I am trying to stay in the habit of writing everyday. It's advice I was given back in my high school creative writing class. I am not good at everyday. I'm good at periodic short bursts. I'm good at starting and then leaving incomplete.

It's certainly something that bothers my loved ones, this lack of follow-through. I have a bad habit of leaving cabinet doors and other doors wide open. The other night, for example, Brian went up to put the kids to bed. I let the dogs out and sat back down on the couch. It got progressively colder and I couldn't understand why.

I posited that I must really be coming down with an awful bug; upon Brian's return he noticed I had left the slider open. Not wide open--our slider doesn't really open that far. It was open enough, though, to explain the drop in temperature in the room.

One of my most prized possessions is a t-shirt I received upon completing my first marathon. It had the logo for the marathon on the front. On the back is one glorious word: Finisher. I actually get emotional seeing other people run marathons because I remember that overwhelming feeling of putting my foot over the finish line.

It's indescribable, really. In one stride I went from someone who loved running to someone who completed her first marathon. It represented hours of sacrifice, of getting up early, going to bed early and spending a lot of time with my feet pounding the pavement.

The trick of the marathon is not actually to consider the entire 26.2 miles all at once. The race really is just about putting one foot in front of the other. Granted, you're doing that over a span of (in my case) almost 5 hours, but honestly, I didn't think about the whole thing at once. I just did the mile that was in front of me. I knew I could do one mile; I could do that in my sleep.

I psyche myself out about a lot of things. For example, I'm in the middle of a few longer-term projects--organizing the house and writing a book. Both tasks, when viewed as a whole, seem crazy overwhelming. My house is a hodge-podge of clutter, garbage and unmanageability. I have been working with the organizer for about 5 weeks. We have organized the laundry room, the big kids' closet and Doug's room.

I, however, can only see the negative spaces, the ones we haven't done yet. It's an infuriating trait because we literally sorted through and pared down boxes upon boxes of clothes to give Doug a chance to sleep in a room that didn't resemble a storage space in Hoarders. My laundry room is now streamlined and easier to navigate. Clothes don't sit around for days on end because there's no room for them in anyone's closet or dresser.

I have more clothes that I want to sell at an upcoming resale.

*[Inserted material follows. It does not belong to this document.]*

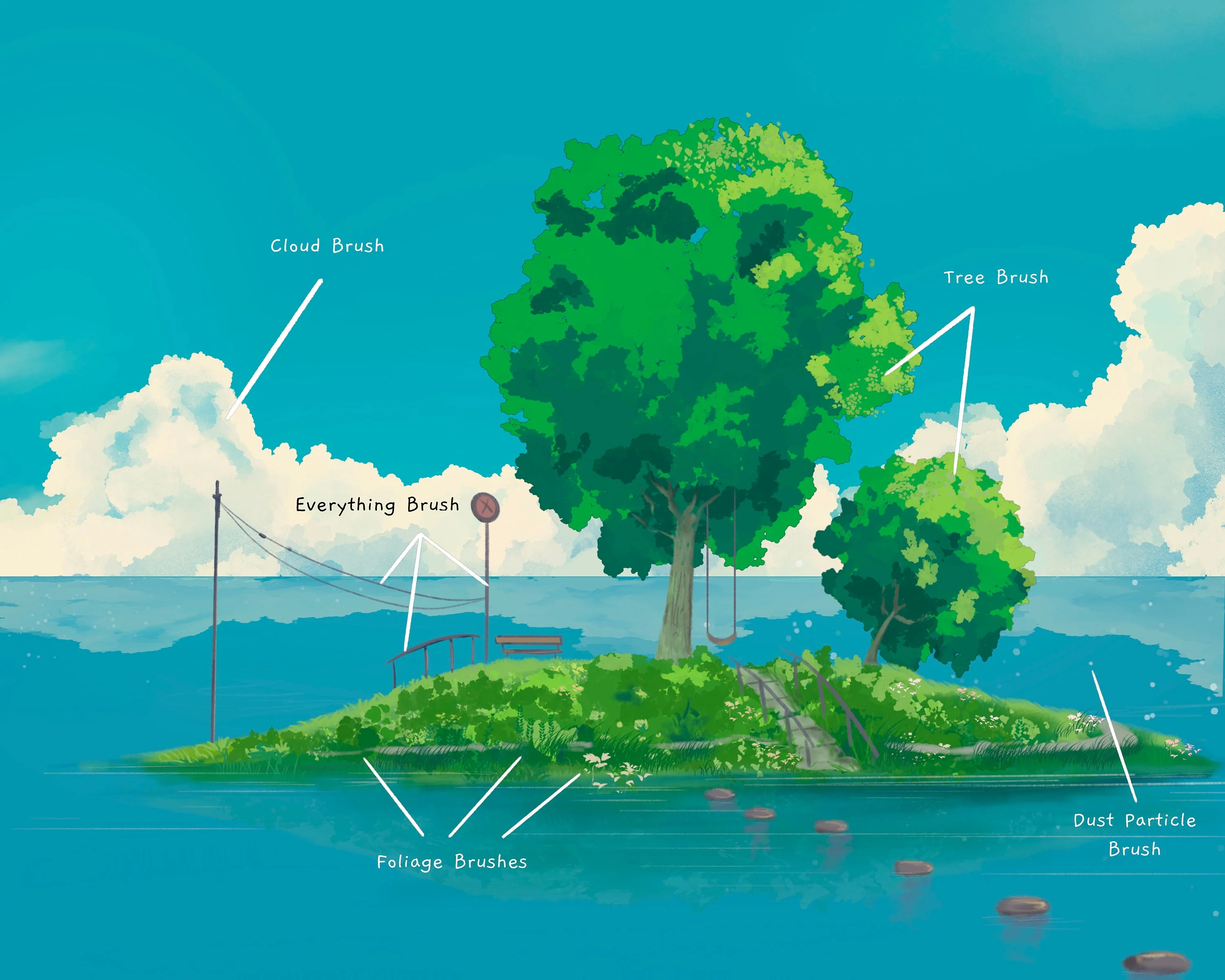 Ghibli Nature Anime Brush Set - Image 3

Thanks to the organizer, I've already got them up on hangers and sorted neatly in Doug's closet. I am not scrambling to find something in the kids' drawers that fit them.

I'm not able to focus on all of the progress, though. What's killing me is the garage, my dining room and the growing pile of stuff that needs to find its way to the curb (broken TV, broken couch, broken lamp, broken vacuum, broken high chair). I can't seem to run the dishwasher enough and yet my drying rack is permanently full because I can't find space in my cabinets for everything. There are several piles of various papers teetering like the leaning Tower of Pisa all over my counters.

I made a great start on my book this week--it's at almost 9,000 words so far. The thought that's running around my mind like a runaway train, though, is why haven't I done more? Why haven't I written 25,000 words? How many words long will this book be?

It's a peculiar twist in my mind that haunts me at every turn. When I trained for the marathon, I had a day-by-day schedule. I knew how much I needed to run every day so that I would be prepared to run 26.2 miles on race morning. I didn't run for two days and then run a marathon! It took months of building endurance, of learning techniques, of perfecting the art of staying hydrated.

It always comes back to grace. I forget to extend to myself that which I am so quick to extend to others and that which my Creator so lovingly extended to me. I am nothing more than a work in progress. We will be living in this house for many years; there is no rush to make it perfect because the way the house is being used will surely change as time wears on. I believe that God is prompting me to write this book; He would not give me more than He thinks I can handle and He always completes the work He begins.

My favorite definition of humility is not thinking less of myself but thinking of myself less. I have to realize that the help I need to complete any of these tasks is available; I just have to kneel to receive it.